Franziska hatte darum gebeten, dass man sie lange schlafen ließ. Als jedoch das Mittagessen bereitet war und noch immer kein Laut aus ihrem Zimmer drang, schickte man Maria zu ihr. Sie klopfte an die Tür und trat ein. Es war dunkel, wie dieser Tage immer, weil Franziska das Licht scheute. Sie schien noch zu schlafen. Auf ihrem Gesicht lag ein freundlicher, ja heiterer Ausdruck. Sie hatte sich noch in der Nacht die Haare ordentlich geflochten und ein frisches Nachthemd angezogen. Maria öffnete die Fenster, um zu lüften, und erwartete, dass Franziska aufwachte und sagte: »Ich friere, und es ist viel zu hell.« Aber sie sagte nichts. Unruhig ging Maria zu ihr und beugte sich über sie. Noch immer lag sie still, die Augen geschlossen. Maria berührte ihr kaltes Gesicht, schüttelte sie an der Schulter, kniff ihr in die Hand. Ihr Blick fiel auf die Flasche, die sie in der Nacht aus der Apotheke geholt hatte. Sie war leer.

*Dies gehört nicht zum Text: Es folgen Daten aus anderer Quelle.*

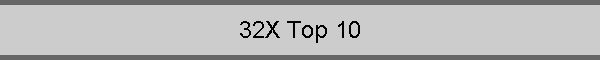 32X Top 10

Zuerst wollte Maria um Hilfe rufen. Sie dachte daran, dass Franziska sich vielleicht doch nicht gut mit dem Morphium ausgekannt hatte. Dass sie aus Versehen zu viel genommen hatte. Aber dann fiel ihr ein, was sie gesagt hatte. Dass sie frei sein wollte. Dass sie alles über Morphium wusste. Dass sie so nicht mehr leben wollte. Und Maria hatte der jungen Frau etwas versprochen. Sie nahm die leere Flasche vom Nachttisch, versteckte sie unter ihrer Schürze, nahm Franziskas Hand und drückte sie kurz an ihre Lippen. Dann ging sie leise aus dem Zimmer, wie um die Tote nicht zu stören, und suchte die Landauers.

Draußen

Von: Gil Peters

An: Dr. Vera Mertens

Gesendet: Donnerstag, 11. Juni 09, 18:49 Uhr

Betreff: Unser Termin gestern

Liebe Frau Dr. Mertens,

ich hab noch mal über alles nachgedacht. Wie besprochen. An meinem Standpunkt hat sich nichts geändert. Ich denke nicht, dass jetzt ein guter Zeitpunkt wäre, die Tabletten abzusetzen, und ich denke ebenfalls nicht, dass mir eine Therapiepause guttäte.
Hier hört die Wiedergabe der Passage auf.